Insomma le porte sembrano chiuse al dialogo, anche se la Cina ha cercato di accreditare il suo ruolo di mediatore, rivendicando di essere stata costruttiva «a modo suo» nel tentativo di creare una via di uscita dalla guerra in Ucraina ed esortando gli altri Paesi ad evitare di «versare benzina sul fuoco».

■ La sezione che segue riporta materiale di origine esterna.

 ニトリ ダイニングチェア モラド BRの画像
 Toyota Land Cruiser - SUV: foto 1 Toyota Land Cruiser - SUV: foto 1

Chissà se è stato un giorno storico. Chissà se gireranno un film su questi avvenimenti, come quello che ricorda la frase pronunciata dall’ambasciatore Usa presso l’Onu il 25 ottobre 1962, in piena Crisi dei missili di Cuba. Durante una sessione d’emergenza del Consiglio di sicurezza il diplomatico americano incalzò il rappresentante sovietico, Valerian Zorin, chiedendogli se il suo Paese stesse installando missili a Cuba e sollecitando una risposta immediata: «Non aspetti la traduzione!». Al rifiuto di Zorin di rispondere, Stevenson rincarò la dose assicurando che poteva attendere: «Fino a quando l’inferno non si congelerà». In quel caso è finita bene, il terzo conflitto mondiale è stato scongiurato. Ma evidentemente la storia e i film che la raccontano insegnano poco se sessantuno anni dopo siamo più o meno allo stesso punto.